If you hire an in-house consultant, your CRO consultant team will consist of one person. If you hire an agency, you’ll be hiring the collective expertise of a whole team of consultants. 

At the time of writing, we currently have a team of 12 consultants and 6 associate consultants, with these numbers growing all the time. This means that when our consultants run into difficulty, they’re able to draw upon the collective creativity, experience, and knowledge of our entire consulting team. This creates all kinds of synergies and allows us to be far more innovative than almost any single CRO consultant – no matter how brilliant.

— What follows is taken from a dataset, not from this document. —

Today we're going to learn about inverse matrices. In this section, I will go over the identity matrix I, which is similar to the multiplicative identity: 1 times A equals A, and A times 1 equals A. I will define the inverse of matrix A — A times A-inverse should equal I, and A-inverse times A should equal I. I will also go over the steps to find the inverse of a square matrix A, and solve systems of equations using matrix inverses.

7. Strategic experimentation

Most good CRO consultants will be able to deliver an effective experimentation programme that helps you optimise your website, but an experienced CRO agency will often have the capability to extend your experimentation programme far beyond the limits of your website. 

For example, we’ve worked with a number of our clients to experiment on their pricing and product strategies, allowing them to gain extremely valuable information about their customers while significantly reducing the risks associated with developing new products and applying untested pricing strategies. 

Read more about our approach to product experimentation. 

By hiring a CRO agency with advanced experimentation capabilities, you’ll have a chance to explore opportunities that go far beyond the usual remit of conversion rate optimisation. 


Final thoughts

Hiring a CRO consultant can be a complicated process. All CRO consultants – whether in-house or agency-side – will need to have certain skills and attributes if they’re going to drive meaningful results through experimentation. We hope that this blog post will give you everything you need to pick the right person – or persons – for your programme’s needs.